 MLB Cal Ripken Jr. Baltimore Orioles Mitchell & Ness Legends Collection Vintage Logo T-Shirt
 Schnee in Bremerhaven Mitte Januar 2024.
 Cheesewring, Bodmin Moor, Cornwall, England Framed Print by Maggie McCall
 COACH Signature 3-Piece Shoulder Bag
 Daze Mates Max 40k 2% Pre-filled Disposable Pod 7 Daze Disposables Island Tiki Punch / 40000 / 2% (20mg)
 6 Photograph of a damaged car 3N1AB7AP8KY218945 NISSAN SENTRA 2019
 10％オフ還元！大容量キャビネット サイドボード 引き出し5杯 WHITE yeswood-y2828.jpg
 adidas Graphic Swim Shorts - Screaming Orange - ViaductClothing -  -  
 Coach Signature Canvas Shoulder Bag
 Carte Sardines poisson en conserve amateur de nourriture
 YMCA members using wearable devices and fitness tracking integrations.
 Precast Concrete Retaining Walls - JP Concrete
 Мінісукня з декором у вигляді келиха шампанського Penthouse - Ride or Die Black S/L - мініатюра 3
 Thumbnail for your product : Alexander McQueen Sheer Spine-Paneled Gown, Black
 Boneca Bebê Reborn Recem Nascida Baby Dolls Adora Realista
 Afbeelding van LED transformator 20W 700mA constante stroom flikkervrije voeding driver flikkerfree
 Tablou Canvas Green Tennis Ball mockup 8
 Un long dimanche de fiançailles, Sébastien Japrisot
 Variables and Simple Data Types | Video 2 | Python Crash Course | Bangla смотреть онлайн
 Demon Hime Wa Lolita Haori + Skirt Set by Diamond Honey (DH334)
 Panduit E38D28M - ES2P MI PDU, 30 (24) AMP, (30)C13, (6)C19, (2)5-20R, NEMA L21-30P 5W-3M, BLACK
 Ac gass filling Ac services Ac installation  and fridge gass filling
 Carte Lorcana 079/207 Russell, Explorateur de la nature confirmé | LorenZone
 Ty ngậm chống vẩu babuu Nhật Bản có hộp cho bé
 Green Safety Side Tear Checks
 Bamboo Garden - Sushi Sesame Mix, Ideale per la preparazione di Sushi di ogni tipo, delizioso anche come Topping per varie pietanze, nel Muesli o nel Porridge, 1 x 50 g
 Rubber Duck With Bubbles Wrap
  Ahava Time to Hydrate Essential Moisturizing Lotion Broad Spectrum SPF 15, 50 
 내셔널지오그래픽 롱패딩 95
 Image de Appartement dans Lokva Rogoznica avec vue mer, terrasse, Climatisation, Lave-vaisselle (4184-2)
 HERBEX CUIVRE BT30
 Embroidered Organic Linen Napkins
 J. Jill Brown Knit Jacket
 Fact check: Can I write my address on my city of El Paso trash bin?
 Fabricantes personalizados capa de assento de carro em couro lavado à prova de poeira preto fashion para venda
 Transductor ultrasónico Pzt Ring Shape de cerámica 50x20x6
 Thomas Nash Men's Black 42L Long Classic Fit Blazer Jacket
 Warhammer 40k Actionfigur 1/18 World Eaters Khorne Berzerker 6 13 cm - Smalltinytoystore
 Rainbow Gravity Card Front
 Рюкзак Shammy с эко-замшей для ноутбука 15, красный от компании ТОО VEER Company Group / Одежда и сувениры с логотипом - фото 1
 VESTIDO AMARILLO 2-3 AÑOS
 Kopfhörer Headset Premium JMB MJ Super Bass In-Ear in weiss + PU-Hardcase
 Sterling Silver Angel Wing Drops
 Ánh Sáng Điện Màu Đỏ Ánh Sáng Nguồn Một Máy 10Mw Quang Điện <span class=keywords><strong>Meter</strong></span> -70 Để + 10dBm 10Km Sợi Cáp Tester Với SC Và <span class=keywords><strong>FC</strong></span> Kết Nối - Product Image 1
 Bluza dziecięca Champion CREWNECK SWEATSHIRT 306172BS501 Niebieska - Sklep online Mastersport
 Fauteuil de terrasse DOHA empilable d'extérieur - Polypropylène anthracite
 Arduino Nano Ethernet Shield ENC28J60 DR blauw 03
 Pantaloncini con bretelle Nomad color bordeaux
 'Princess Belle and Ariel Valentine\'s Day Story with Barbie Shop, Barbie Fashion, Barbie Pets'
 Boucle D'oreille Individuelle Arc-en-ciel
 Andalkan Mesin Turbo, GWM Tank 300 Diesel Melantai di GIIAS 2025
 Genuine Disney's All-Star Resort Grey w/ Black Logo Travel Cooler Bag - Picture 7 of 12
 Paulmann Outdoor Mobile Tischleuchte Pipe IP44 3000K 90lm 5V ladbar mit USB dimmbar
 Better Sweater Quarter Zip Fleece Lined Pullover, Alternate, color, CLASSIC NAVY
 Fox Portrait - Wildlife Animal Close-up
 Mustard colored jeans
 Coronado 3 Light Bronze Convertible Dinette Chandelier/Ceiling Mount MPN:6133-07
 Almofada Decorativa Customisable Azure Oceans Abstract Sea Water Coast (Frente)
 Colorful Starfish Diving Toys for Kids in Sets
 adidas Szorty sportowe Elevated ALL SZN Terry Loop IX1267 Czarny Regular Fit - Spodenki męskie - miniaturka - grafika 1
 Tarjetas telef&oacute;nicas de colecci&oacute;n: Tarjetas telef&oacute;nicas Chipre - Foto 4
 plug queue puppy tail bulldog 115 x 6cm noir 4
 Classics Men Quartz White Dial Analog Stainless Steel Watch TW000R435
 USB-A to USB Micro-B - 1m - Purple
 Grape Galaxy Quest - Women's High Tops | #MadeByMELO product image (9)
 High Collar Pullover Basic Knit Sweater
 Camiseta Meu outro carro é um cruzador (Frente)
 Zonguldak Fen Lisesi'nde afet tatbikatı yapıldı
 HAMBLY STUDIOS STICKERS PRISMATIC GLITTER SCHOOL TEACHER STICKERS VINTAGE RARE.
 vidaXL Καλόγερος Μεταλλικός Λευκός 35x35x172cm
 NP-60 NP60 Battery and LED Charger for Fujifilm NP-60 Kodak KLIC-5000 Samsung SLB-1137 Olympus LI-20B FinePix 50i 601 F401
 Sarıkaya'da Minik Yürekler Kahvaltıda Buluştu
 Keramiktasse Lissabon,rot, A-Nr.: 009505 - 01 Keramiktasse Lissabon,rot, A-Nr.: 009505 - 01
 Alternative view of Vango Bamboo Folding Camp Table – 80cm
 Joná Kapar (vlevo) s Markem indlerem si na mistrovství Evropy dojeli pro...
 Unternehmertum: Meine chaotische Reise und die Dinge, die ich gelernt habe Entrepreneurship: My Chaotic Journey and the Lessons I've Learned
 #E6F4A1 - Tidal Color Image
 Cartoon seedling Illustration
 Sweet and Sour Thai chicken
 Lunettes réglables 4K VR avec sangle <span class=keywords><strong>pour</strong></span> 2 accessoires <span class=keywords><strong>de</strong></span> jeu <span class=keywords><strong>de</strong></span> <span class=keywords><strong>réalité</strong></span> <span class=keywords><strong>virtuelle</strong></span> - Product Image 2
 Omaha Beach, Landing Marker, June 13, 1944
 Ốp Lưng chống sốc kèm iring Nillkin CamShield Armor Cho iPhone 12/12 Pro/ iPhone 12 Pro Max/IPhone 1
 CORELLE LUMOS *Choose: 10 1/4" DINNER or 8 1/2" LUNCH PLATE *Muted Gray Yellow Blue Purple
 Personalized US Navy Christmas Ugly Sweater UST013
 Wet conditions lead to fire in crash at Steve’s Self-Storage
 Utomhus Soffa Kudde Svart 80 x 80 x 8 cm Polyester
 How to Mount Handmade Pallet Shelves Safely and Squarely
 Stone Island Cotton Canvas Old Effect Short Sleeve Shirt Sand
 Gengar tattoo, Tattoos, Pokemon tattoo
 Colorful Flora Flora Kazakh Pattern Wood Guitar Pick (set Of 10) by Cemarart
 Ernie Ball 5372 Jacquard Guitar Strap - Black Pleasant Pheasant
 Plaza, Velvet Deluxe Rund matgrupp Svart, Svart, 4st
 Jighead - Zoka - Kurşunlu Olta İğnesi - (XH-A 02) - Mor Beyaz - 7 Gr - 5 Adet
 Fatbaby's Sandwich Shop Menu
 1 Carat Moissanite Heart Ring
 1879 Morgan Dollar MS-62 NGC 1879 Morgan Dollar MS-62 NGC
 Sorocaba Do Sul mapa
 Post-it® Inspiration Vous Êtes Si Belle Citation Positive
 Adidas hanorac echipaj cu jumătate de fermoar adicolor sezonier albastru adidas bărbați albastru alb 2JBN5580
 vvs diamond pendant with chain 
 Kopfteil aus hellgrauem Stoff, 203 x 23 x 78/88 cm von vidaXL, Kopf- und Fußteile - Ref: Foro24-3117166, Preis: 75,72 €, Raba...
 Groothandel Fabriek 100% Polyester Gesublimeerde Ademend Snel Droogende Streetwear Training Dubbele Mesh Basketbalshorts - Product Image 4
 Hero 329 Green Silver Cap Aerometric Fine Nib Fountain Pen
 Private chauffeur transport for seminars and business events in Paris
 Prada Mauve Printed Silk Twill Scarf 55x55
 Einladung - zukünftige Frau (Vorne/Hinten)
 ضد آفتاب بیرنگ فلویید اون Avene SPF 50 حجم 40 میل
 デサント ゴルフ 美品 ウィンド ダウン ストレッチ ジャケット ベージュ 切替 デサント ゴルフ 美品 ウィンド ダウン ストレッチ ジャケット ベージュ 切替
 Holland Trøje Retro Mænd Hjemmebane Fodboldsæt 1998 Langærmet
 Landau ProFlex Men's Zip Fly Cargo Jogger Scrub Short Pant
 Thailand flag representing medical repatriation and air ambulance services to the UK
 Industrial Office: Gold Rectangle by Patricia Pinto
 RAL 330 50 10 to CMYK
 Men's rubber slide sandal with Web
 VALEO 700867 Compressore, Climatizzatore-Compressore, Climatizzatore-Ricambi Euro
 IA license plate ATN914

• [WHAT YOU ARE ASKED TO DO] Every line in the data above that includes the word "High" should be copied.

• [YOUR RESPONSE]
 Grape Galaxy Quest - Women's High Tops | #MadeByMELO product image (9)
 High Collar Pullover Basic Knit Sweater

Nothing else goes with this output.